The technology sector and its future are beginning to look murky, arising from the recent US and China rift. Stocks on tech decline, as many major and significant companies, pulled out and cut off its relationship with Huawei. Lately, US made plans of pulling out Huawei Technologies. Huawei is considered as one of the leading China mobile phones developer. The recent pull out lead to developments in the stock market, which made a turn for the worse. Equity markets fell, and a looming trade war is happening between the US and China. Europe, as well as wall street,  is starting to fear the impending trade war.

But the effects of the recent pullout isn’t just felt within the territory of the US, as Europe and Japan are beginning to experience a fall in their tech stocks. However, many tech investors outside the US remain hopeful that the rift would later be settled.

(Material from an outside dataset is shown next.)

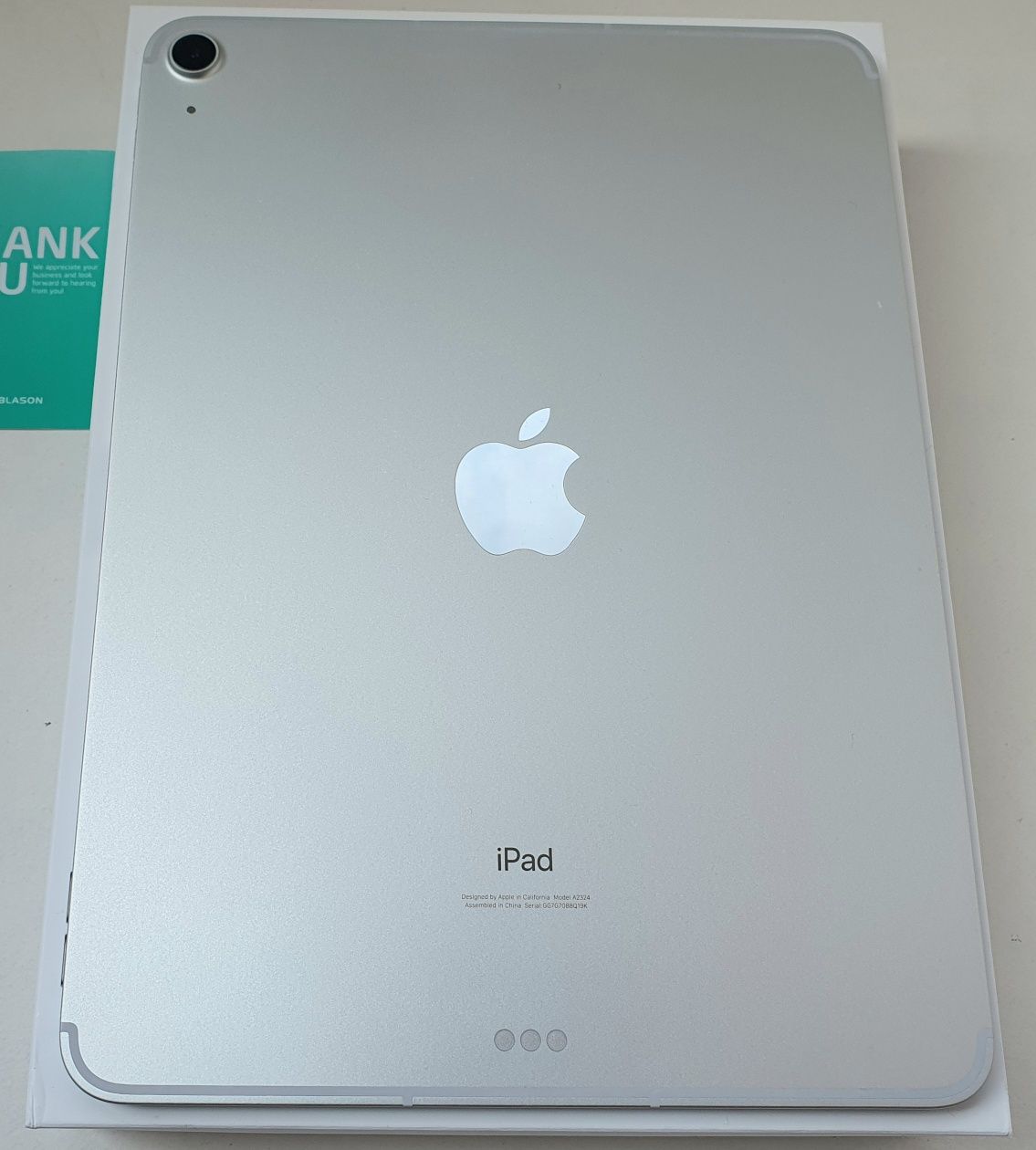 iPad Air 4 256GB 4g LTE A2324 Silver SN цілий робочій подарунок!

Other Companies are Pulling Out

Luckily, shares in Asia managed to save itself, and reverse the loss it experienced a few weeks back. Washington made a call to lift the tariffs in North America. However, the Chinese don’t share the same sentiment. To add salt to the trade war, China began accusing the US of having “extravagant expectations” in their trade deal. This emphasized the rift between China and the US, and the global sector has been aware of the US’s attitude towards Huawei.

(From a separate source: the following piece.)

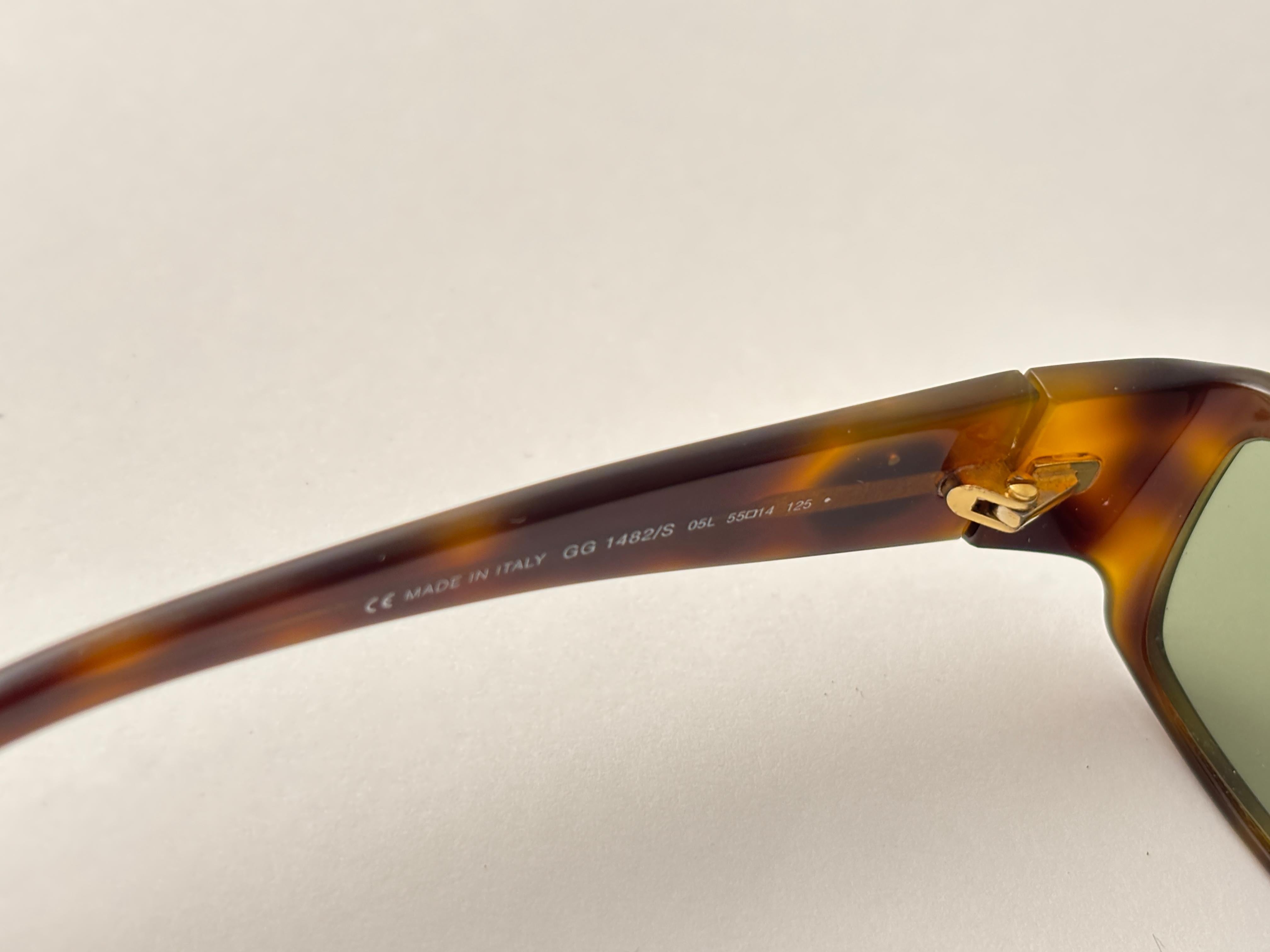 Neue Vintage Gucci GG Schildkröte schlanke Sonnenbrille Y2K 1990er Jahre Made in Italy Y2K Damen im Angebot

Other tech companies followed the steps of the US. Apple’s primary supplier for its face ID tech, Lumentum Holdings Inc., already discontinued its shipments from Huawei. Alphabet’s Inc also suspended its business with Huawei. Infineon, on the other hand, a German chipmaker, denied that it terminated its shipments with Huawei despite speculations.

Because of the recent pull of the US and other tech companies from Huawei, the equity market is seeing a slower sector. Stocks derived from a technology play an essential role in the equity market, and a slowdown would affect the sentiments of investors. Michael Arone, the chief investment strategist at State Street Global Advisors in Boston, says, “The volatility that we see today is a direct result of President Trump’s threats to Huawei. The challenge is, there are no near-term trade meetings to provide a positive catalyst to this discussion,” he said.

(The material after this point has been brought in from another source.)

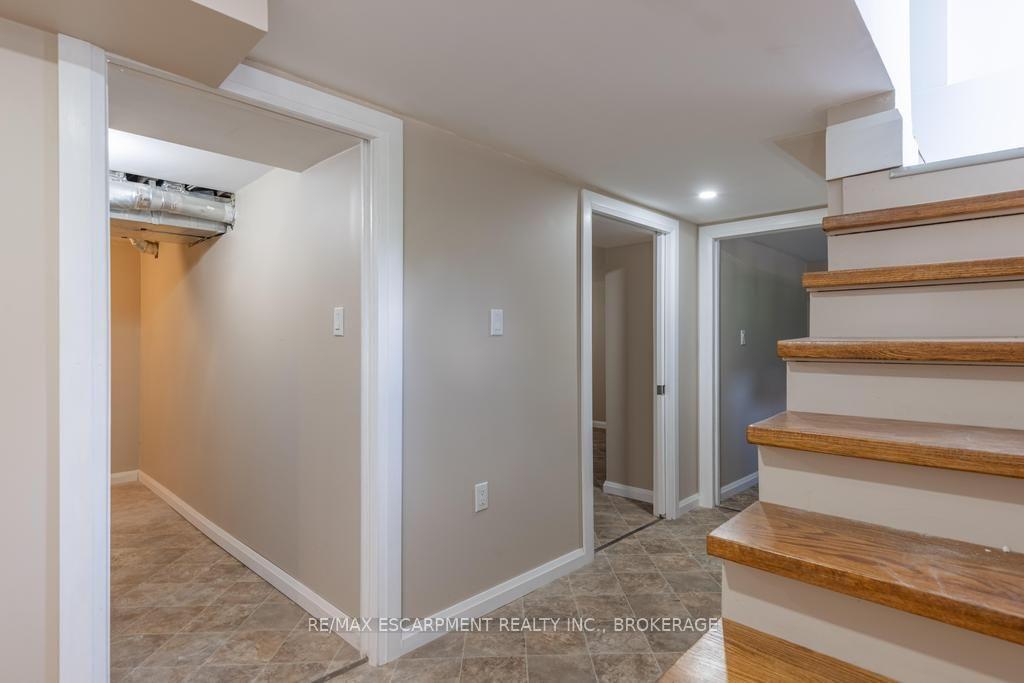 Photo 30 of 5701 Dorchester Road, Niagara Falls, Hospital — HOMEH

The Fall of the Tech Stocks

Both Apple and Lumentum experienced a fall on their shares. However, T-Mobile US and Sprint Corp experienced some good news as its shares went up after it decided to go with their merger amounting to $26 billion. The Federal Communications Commission heads to support the planned merger and shows an excellent chance of its approval.

Investors are still waiting for the next step the US will undertake in the US and China rift. The dollar, however, isn’t too affected, as it only saw little changes from the previous week’s big move. Investors are waiting to make their next big move, ensuring to do the same after the US-China trade negotiations conclude.

The currency saw some weakness in its value, with the US, euro, and Japanese yen experiencing the direct effect. The dollar fell by 0.0%, while the euro ranges somewhere between 0.08% to $1.1165. Many investors and analysts are hopeful for this coming week, as the feds would soon release its monetary policy. Many investors hope that this new release would be the highlight of their week, and it won’t show any negative surprises.

In other markets, prices in oil began to increase, showing one of the recent highs it experienced in weeks. The Organization of the Petroleum Exporting Countries plans on cutting down production cuts so that it can maintain and help boost the prices.